:: Dataset section ::
● ● ● ● ●
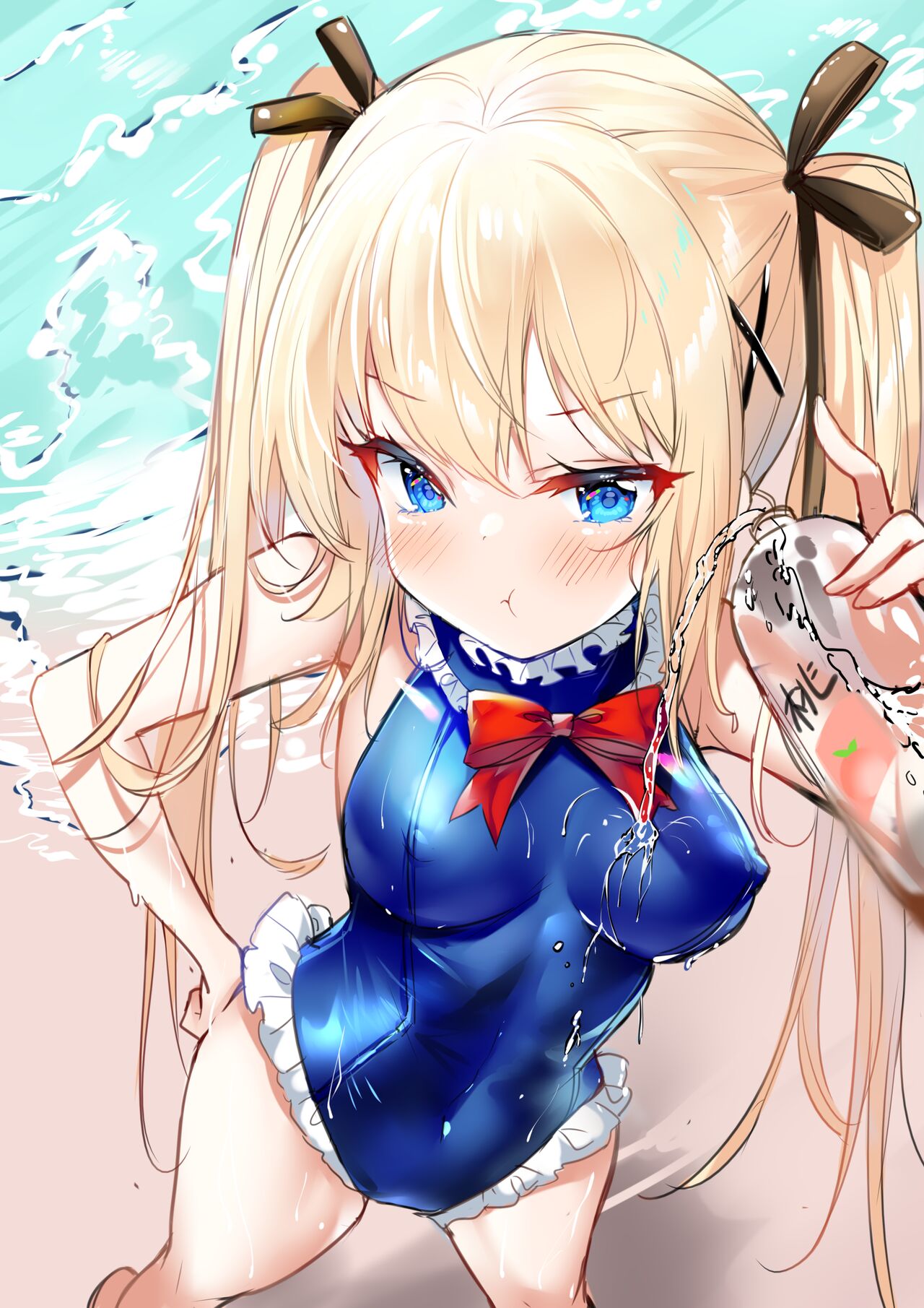 pixiv 和茶 page 3 full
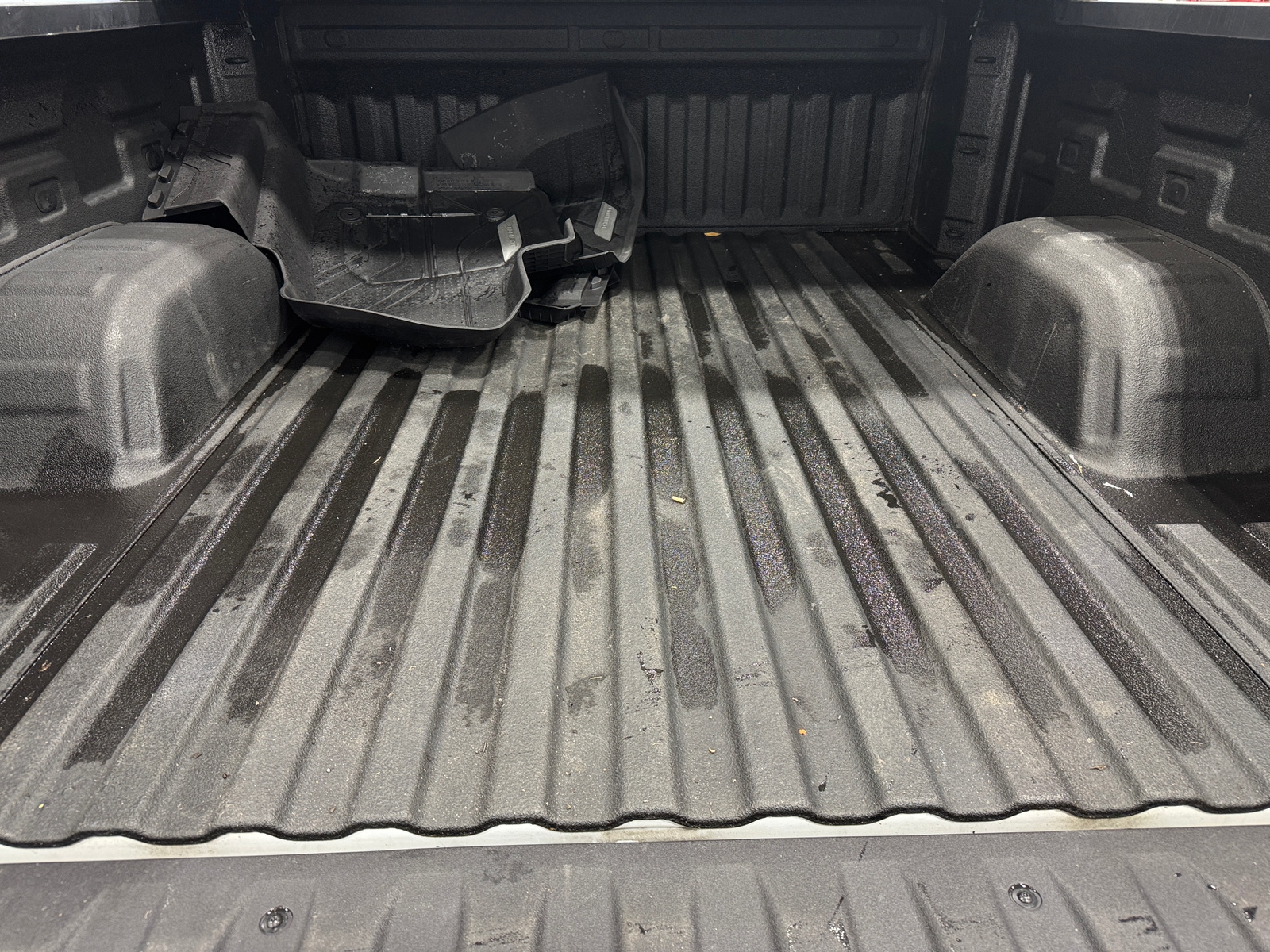 Thumbnail: 2020 Chevrolet Silverado 1500 - 7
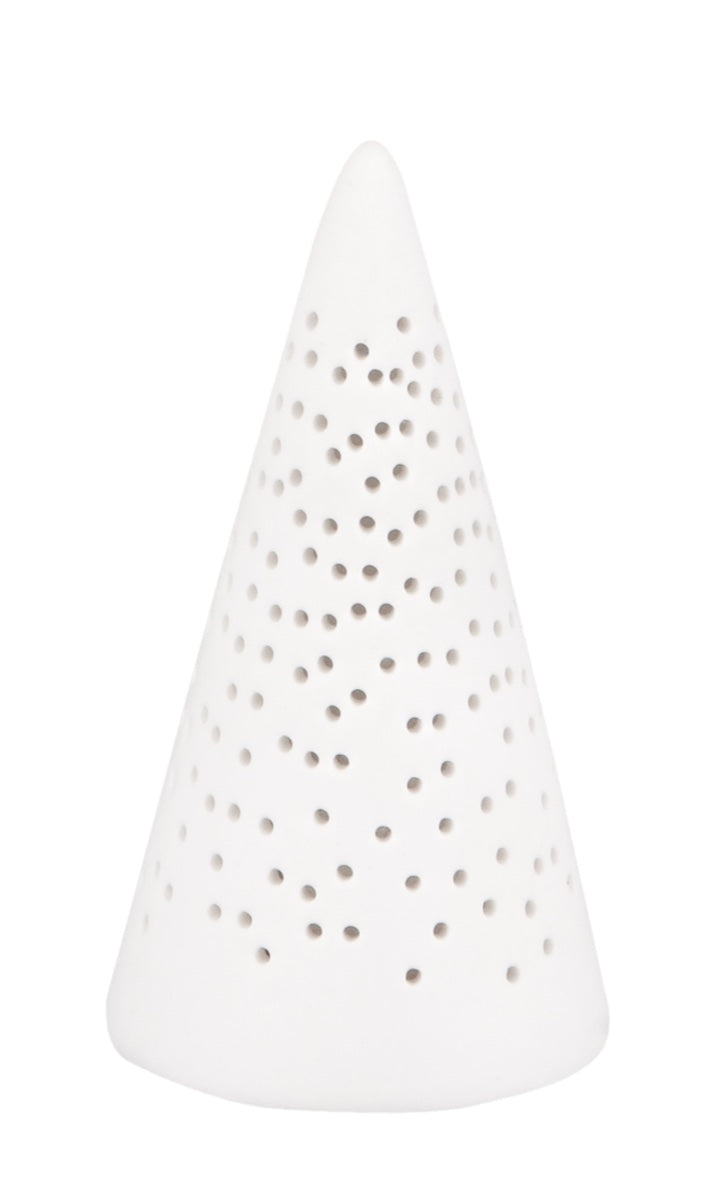 Rader LED Mini light fir tree small Diameter4cm Height.7.5cm — Räder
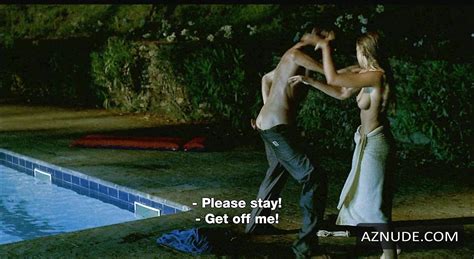 SWIMMING POOL NUDE SCENES AZNude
● ● ● ● ●
:: Requirement ::
Repeat every line of the data exactly, but do not include pictures.

:: Worked solution ::
 pixiv 和茶 page 3 full
 Thumbnail: 2020 Chevrolet Silverado 1500 - 7
 Rader LED Mini light fir tree small Diameter4cm Height.7.5cm — Räder
 SWIMMING POOL NUDE SCENES AZNude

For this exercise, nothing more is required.